▸ **EXERCISE INSTRUCTIONS**
Look through the data below. Collect every line where the word "cabinets" occurs.

Dataset items
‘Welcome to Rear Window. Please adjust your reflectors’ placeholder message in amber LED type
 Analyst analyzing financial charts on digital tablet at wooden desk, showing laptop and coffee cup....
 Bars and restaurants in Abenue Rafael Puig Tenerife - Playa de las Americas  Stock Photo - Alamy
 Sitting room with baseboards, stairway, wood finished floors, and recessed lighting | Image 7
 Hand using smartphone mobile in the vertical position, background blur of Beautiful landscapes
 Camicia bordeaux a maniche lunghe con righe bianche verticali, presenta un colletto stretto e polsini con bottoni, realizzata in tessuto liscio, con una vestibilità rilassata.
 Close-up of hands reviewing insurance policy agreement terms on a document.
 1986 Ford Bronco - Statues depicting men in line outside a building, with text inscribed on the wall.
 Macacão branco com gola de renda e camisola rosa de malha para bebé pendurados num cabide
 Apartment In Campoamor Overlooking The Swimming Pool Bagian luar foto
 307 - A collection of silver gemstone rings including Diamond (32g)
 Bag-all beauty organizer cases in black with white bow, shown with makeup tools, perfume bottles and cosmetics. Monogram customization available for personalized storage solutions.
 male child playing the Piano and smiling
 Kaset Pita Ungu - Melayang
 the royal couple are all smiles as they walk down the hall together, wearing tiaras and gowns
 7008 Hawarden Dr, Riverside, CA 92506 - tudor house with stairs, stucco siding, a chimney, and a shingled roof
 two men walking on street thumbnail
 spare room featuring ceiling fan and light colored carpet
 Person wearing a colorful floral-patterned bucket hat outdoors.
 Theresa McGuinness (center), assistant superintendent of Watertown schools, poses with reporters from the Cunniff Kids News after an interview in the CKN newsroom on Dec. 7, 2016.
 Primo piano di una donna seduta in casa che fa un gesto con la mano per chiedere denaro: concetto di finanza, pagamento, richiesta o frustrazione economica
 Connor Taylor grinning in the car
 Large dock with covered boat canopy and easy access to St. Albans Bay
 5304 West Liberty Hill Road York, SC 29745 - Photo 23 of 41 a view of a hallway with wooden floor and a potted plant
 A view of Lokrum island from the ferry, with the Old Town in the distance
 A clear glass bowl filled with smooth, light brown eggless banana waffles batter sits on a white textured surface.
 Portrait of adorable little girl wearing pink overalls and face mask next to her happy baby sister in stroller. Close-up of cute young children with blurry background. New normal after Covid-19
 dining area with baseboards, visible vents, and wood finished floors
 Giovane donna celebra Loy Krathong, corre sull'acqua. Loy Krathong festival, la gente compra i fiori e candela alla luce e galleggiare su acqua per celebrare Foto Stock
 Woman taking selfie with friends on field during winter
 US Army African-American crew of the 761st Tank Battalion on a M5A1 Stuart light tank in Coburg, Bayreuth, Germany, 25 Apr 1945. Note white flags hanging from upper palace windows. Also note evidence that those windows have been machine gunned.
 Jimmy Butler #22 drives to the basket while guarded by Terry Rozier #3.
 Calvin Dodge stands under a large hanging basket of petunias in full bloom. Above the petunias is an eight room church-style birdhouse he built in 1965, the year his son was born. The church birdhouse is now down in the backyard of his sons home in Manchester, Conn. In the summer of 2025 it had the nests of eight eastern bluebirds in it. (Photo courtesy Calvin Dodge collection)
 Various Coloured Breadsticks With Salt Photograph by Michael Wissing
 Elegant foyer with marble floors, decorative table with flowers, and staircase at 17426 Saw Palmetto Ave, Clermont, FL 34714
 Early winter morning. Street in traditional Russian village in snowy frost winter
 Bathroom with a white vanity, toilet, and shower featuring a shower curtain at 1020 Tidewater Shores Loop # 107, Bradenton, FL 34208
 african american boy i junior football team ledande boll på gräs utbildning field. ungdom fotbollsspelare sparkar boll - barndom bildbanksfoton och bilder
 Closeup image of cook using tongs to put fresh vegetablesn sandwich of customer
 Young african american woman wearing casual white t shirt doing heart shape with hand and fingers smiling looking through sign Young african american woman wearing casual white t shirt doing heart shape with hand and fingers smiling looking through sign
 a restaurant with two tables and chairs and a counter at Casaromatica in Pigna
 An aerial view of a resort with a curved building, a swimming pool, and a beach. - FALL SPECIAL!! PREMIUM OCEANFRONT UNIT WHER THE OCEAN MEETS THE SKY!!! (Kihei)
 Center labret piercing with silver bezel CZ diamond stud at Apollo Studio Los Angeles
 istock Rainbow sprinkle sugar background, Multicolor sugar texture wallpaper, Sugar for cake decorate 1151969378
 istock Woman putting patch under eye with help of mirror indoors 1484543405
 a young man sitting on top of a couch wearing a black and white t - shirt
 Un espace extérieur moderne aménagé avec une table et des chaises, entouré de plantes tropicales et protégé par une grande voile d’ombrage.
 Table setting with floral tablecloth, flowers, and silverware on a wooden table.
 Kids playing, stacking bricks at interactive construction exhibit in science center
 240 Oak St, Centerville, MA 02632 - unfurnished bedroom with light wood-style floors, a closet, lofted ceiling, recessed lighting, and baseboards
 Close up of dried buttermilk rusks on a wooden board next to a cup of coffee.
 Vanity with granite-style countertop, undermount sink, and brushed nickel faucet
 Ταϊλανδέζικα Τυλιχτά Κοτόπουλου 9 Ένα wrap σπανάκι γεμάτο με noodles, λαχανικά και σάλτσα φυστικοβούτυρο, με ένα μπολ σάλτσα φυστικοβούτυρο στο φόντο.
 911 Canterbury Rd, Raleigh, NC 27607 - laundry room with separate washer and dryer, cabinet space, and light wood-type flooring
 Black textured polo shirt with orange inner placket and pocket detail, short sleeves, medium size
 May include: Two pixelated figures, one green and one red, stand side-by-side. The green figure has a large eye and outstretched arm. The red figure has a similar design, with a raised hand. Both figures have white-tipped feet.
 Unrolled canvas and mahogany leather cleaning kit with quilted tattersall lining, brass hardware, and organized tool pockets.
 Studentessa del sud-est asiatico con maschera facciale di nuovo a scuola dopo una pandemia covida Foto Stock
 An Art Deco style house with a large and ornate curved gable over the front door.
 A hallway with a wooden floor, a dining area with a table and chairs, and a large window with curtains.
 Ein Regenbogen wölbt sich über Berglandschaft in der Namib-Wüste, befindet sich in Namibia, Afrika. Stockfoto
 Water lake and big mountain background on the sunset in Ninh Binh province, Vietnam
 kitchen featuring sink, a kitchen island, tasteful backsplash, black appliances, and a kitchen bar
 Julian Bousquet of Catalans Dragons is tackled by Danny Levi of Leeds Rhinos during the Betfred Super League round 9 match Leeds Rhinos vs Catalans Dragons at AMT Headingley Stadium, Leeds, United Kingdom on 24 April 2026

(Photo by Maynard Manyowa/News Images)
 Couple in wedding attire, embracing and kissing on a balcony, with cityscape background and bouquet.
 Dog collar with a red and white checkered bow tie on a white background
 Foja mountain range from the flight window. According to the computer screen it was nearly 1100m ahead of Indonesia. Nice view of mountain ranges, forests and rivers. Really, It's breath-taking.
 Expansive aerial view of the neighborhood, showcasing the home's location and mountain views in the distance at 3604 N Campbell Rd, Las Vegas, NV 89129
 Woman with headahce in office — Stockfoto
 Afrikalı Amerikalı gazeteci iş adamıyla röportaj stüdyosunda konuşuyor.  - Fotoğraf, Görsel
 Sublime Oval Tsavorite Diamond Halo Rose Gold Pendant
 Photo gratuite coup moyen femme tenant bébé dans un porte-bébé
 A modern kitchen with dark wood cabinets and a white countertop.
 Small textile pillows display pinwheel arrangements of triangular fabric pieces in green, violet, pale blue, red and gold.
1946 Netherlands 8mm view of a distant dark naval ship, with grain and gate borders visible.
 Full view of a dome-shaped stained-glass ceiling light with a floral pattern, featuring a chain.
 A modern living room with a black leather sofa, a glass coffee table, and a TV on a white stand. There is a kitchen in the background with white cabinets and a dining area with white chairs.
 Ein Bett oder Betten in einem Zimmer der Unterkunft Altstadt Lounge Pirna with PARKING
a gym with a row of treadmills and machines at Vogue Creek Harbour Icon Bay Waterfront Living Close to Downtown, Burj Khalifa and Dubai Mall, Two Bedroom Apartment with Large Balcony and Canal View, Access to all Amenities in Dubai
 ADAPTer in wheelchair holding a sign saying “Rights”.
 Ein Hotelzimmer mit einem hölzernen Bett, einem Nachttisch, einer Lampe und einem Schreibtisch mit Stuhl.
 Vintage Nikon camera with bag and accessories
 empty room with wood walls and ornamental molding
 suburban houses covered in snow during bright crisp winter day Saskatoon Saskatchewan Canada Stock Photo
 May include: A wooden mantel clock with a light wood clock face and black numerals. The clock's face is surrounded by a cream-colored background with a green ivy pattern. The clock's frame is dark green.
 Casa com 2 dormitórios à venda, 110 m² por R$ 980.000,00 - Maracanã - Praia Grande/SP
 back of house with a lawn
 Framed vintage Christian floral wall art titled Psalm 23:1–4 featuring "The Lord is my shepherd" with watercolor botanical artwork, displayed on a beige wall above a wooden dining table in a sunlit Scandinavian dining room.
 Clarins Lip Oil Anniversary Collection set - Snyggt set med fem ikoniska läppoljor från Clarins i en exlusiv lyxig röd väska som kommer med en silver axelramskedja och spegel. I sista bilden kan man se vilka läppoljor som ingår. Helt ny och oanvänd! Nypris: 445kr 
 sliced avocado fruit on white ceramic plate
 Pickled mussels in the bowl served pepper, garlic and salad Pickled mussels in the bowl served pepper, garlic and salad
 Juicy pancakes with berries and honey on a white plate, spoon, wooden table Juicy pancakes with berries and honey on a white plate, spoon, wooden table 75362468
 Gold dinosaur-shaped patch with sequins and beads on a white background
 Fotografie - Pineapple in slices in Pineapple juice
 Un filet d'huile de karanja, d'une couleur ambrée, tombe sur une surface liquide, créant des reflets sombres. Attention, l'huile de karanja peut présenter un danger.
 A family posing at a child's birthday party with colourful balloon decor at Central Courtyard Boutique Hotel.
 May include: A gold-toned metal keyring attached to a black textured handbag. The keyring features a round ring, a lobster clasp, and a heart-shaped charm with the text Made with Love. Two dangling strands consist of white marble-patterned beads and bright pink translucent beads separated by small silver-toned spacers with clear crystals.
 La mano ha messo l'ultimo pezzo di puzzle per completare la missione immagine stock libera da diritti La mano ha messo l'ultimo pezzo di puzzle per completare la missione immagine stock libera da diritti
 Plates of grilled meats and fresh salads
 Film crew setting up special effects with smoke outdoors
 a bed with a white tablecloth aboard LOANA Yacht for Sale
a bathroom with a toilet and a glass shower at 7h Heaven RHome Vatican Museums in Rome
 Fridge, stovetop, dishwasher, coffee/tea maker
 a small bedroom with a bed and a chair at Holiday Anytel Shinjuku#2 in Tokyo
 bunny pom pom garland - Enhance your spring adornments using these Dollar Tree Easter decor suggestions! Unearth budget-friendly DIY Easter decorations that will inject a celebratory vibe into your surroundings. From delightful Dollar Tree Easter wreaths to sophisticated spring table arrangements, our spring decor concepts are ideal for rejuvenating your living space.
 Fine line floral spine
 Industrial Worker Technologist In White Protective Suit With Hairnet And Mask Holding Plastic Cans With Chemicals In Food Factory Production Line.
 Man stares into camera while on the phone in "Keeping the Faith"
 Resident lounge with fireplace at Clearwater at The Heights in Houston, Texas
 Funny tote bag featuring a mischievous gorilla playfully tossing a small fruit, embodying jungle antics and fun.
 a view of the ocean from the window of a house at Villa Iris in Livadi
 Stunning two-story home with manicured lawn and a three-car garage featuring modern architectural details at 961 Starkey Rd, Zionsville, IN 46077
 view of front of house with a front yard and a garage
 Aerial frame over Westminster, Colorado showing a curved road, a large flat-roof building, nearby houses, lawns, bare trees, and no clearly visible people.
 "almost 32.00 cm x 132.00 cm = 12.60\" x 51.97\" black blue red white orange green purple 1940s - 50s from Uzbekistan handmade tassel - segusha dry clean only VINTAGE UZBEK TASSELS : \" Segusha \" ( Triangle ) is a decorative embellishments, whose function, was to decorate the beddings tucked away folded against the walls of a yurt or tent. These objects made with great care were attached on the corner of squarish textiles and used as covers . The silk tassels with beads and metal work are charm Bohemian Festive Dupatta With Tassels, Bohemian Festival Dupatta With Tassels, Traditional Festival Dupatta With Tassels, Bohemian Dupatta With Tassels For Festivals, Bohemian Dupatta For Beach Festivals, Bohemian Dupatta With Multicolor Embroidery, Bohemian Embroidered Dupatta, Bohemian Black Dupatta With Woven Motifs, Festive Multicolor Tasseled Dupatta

▸ **ANSWER TO THIS TASK**
 A modern kitchen with dark wood cabinets and a white countertop.
 A modern living room with a black leather sofa, a glass coffee table, and a TV on a white stand. There is a kitchen in the background with white cabinets and a dining area with white chairs.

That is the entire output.